"A burrice faz parte das doenças que não têm cura; por isso mesmo, produz efeitos em qualquer época, como se pode verificar com tanta facilidade no Brasil de hoje"
Pouco se ouve falar no Brasil, já faz um bom tempo, em intelligentsia. Quem ainda utiliza essa expressão, hoje em dia, ou sabe de sua existência? Como é possível lembrar, a palavra foi tomada em empréstimo do russo, para designar a classe de gente que em geral vive nos degraus superiores da sociedade e a quem se atribui a capacidade de pensar o que é melhor para todos, devido aos altos teores de sua instrução, preparo profissional e inteligência. Haverá, com certeza, boas razões para o conceito ter saído de moda e caído em desuso; professores de sociologia podem explicar isso bem melhor que um artigo de revista. É interessante notar, em todo caso, que no Brasil de ontem e de hoje, quando se pensa na produção de resultados práticos, a intelligentsia sempre pareceu competir em desvantagem com o que poderia ser descrito como a sua outra face – a burritsia. Trata-se de uma classe em tudo idêntica à primeira. Os que fazem parte dela também estudam muito, raciocinam "em bloco", armam estratégias e, ao fim desses esforços, sempre chegam à conclusão errada – ou, entre todas as decisões possíveis, escolhem sempre a pior.
Um dos grandes momentos da burritsia nacional ocorreu quando os governos militares, entre os anos 60 e 70, descobriram que um dos piores problemas do Brasil, no seu modo de ver as coisas, era a existência de estradas de ferro. Passaram, então, a erradicar ferrovias com a urgência de quem combate a saúva. Arrancaram trilhos do chão, fecharam estações e exterminaram companhias inteiras; ficaram só com os funcionários e a folha de pagamento. O resultado é que o Brasil perdeu de trinta a quarenta anos no desenvolvimento de sua estrutura ferroviária e hoje tem de correr atrás para recuperar uma parte, pelo menos, do atraso. Naturalmente, demora e custa caro. Para ficar num exemplo só, a Ferrovia Norte-Sul, que um dia ligará Goiás ao Maranhão, atravessando o Tocantins, começou a ser construída há 22 anos e ainda não conseguiu cobrir nem a metade do trajeto previsto; até hoje não transportou um único saco de soja, o que deveria ser um dos seus principais propósitos, e alguns trechos da sua parte sul nem sequer foram licitados para dar-se início às obras. Conclusão: o que já estava pronto não existe mais, e o que precisa existir não está pronto.

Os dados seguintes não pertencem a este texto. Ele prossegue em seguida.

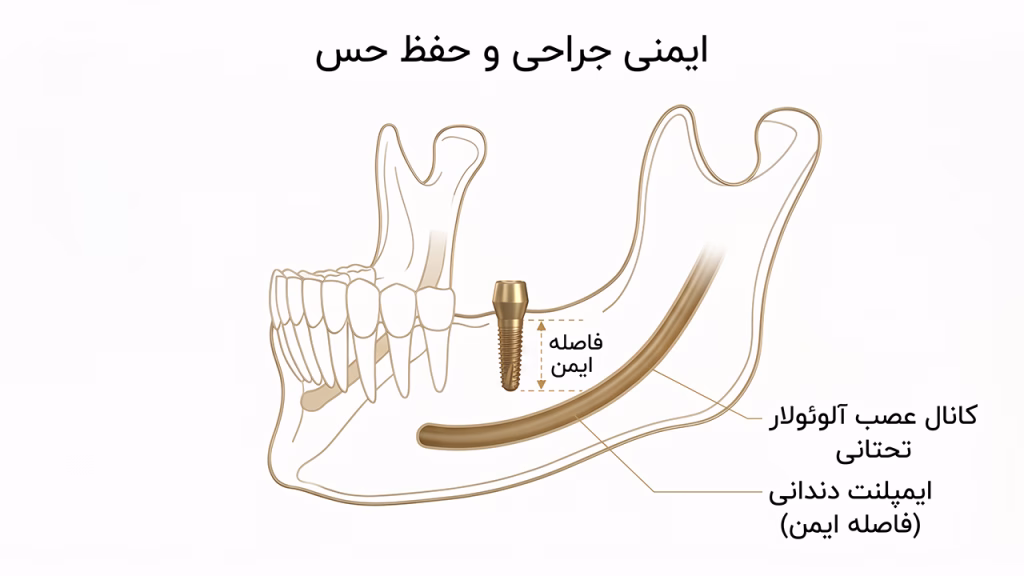 مسیر عصب آلوئولار تحتانی در جراحی ایمپلنت فک پایین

Os colossos do pensamento brasileiro também nos brindaram no passado com a extraordinária noção de que o país não teria futuro se não controlasse, do começo ao fim, todo o processo da produção de computadores – sem isso, o Brasil ficaria na dependência de "potências estrangeiras" numa área estratégica da tecnologia. E se num dia qualquer a IBM, por exemplo, não quisesse vender um computador para a gente? A solução seria projetar e construir aqui dentro o nosso próprio parque digital, e para tanto os produtores nacionais teriam de ser protegidos da competição internacional com a "reserva de mercado". Num período em que o mundo começava a andar na direção exatamente oposta, com a descoberta de que o importante não era juntar peças para montar um computador, e sim ter as melhores ideias para tirar proveito do seu funcionamento, o governo brasileiro imaginava que conseguiria legislar sobre o pensamento humano e proibir a sua livre circulação de um lado para outro do planeta. Hoje parece engraçado que uma coisa dessas tenha sido levada a sério, mas aí está: o Brasil oficial passou anos acreditando que computador era algo que tinha de ser controlado pelo governo, como a emissão de moeda ou o funcionamento dos semáforos nos cruzamentos de rua. Deveria, é claro, servir à segurança nacional e ser utilizado, pensando bem, apenas por engenheiros ou técnicos capacitados.
A burrice faz parte das doenças que não têm cura; por isso mesmo, produz efeitos em qualquer época, como se pode verificar com tanta facilidade no Brasil de hoje. Por trás dela há o princípio básico de que o mundo se divide em gente "do ramo", a quem cabe decidir os grandes temas de interesse público, e os demais, a quem cabe pagar pelas consequências; uma de suas marcas clássicas é a intolerância com a opinião de quem "não entende nada do assunto". A agravante é que o Brasil gosta de se considerar um país espertíssimo, onde frequentemente a "malandragem" é tida como uma forma superior de virtude. É o ideal para esconder os sintomas da moléstia. É, também, o caminho mais curto para o povão acabar no papel de otário, como comprova todos os dias o noticiário político. Quem sai ganhando, sempre, é a espertetsia.
Fonte: Revista Veja - Edição 2120 - 8 de Julho de 2009.